While Intel is still chasing AMD Rome’s success, industry analysts believe Ice Lake is one of the most significant improvements from Intel in a decade. Looking beyond the current pipeline, some analysts forecast Intel could jump to offering 2nm by 2024.
Also Read: Intel’s Xeon Headed for Bigger 64-Bit Stage
Notable changes from Cascade Lake include a 20% IPC bump and improved handling of advanced workloads like cloud, virtualization, and AI. Additional features like Intel Crypto Acceleration ease encryption-intensive workloads like 5G infrastructure and SSL web serving. Intel’s 3rd Gen Xeon-SP shines brightest against Milan with its memory capacity at 6TB and almost double the number of chip variations.
Improvements from the previous generation include:
- Higher memory capacity: 166%
- AI performance: 74%
- Higher memory bandwidth: 60%
- Performance improvement: 46%
- More PCIe lanes: 33%
Milan vs. Ice Lake Specs Comparison
|AMD EPYC||Intel Xeon|
|Core form factor||7nm||10nm|
|Base frequency (GHz)||2.0 – 3.7||2.0 – 3.6|
|Max frequency (GHz)||3.45 – 4.1||2.6 – 3.6|
|TDP||155W – 280W||105W – 270W|
|L2 cache||512KB||10MB – 50MB|
|L3 cache||64MB – 256MB||12MB – 60MB|
|PCIe lanes (Gen 4)||128||128|
|Price Range||$913 – $7,890||$501 – $8,099|
Company Profiles: AMD & Intel
|Headquarters||Santa Clara, CA||Santa Clara, CA|
|x86 Market Share (Q4 2020)||7.1%||92.9%|
AMD: Little Brother Rising
For over a decade after its founding, Advanced Micro Devices (AMD) was primarily a second-source producer of computer chips for other PC manufacturers. Partnering with – you guessed it – Intel in the 1980s, AMD could learn on the job while producing the microprocessors used for IBM’s world-popular PCs.
AMD would separate from Intel in the early 1990s to release their microprocessor, followed by successfully producing the first 1-GHz chip in 2000. Antitrust battles with Intel aside, AMD has significantly enhanced its position in the microprocessor arena and gained ground against Intel.
In addition to semiconductors, AMD produces flash memory chips, graphics processors, motherboard chips, and more in the consumer electronics space.
Intel: Industry Giant Started Big
Intel was an early innovator in silicon integrated circuit solutions with two experienced technologists and $2.5 million in funding in 1968. Starting in 1981, IBM’s selection of Intel as its CPU manufacturer solidified Intel’s presence.

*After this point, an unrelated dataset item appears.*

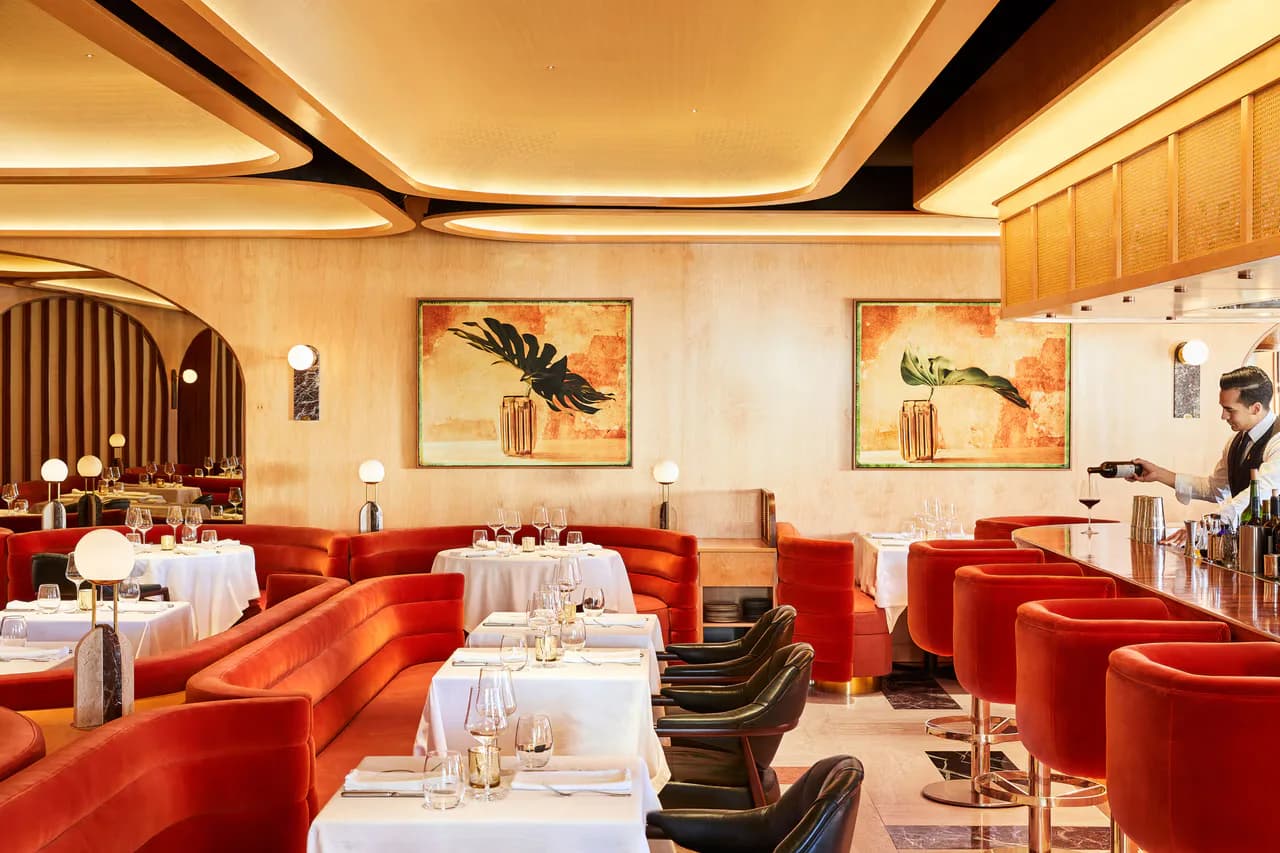 Luxurious restaurant dining room with curved red velvet banquettes, white tablecloths, botanical artwork, and warm ambient lighting designed by Dot Dash.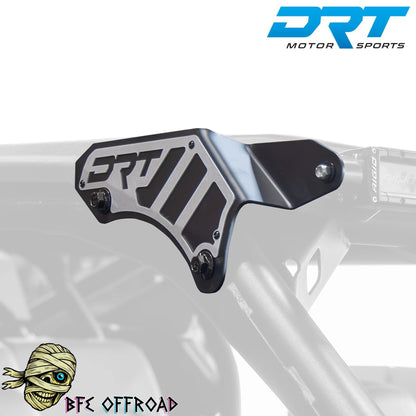 Metal protective guard on a vehicle frame with DRT Motor Sports branding.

Intel’s release of a 32-bit chip in 1985 and the Pentium microprocessor in 1993, and the combination of Intel CPUs with Microsoft operating systems made Intel a household name.
While Intel is still best known for its processors, success and the turn of the century brought an expansion of product offerings. Today, Intel offers end-user form factors, memory chips, 2-in-1 devices, virtualized server software, and more.
Also Read: Intel, EMC Partner on Cloud Storage
The Battle of the Chip Giants Continues
AMD and Intel will continue to lead the server microprocessor industry for years to come. With plans for 4th generation models in the next year, it won’t be long before each vendor has another opportunity to show off their specs.
In comparing fourth-quarter results for 2019 and 2020, the shift is noteworthy. Intel moved from 95.5% a year earlier to 92.9%–dropping 260 basis points–while AMD rose from 4.5% to 7.1%. With Q1 2021 results available, AMD’s x86 processors just scored their most significant market share since 2006.
With Rome’s success, our analysis of both product lines, and taking industry reviews into account, we believe AMD wins this round. Of course, with the size and influence of Intel and their leap in processor offerings with Ice Lake, it’ll be many years before this battle is over, if ever.
As Mercury Research’s Dean McCarron told CRN, “This is an Indy 500 race, where both cars are going over 200 miles an hour, and one’s going a little faster.”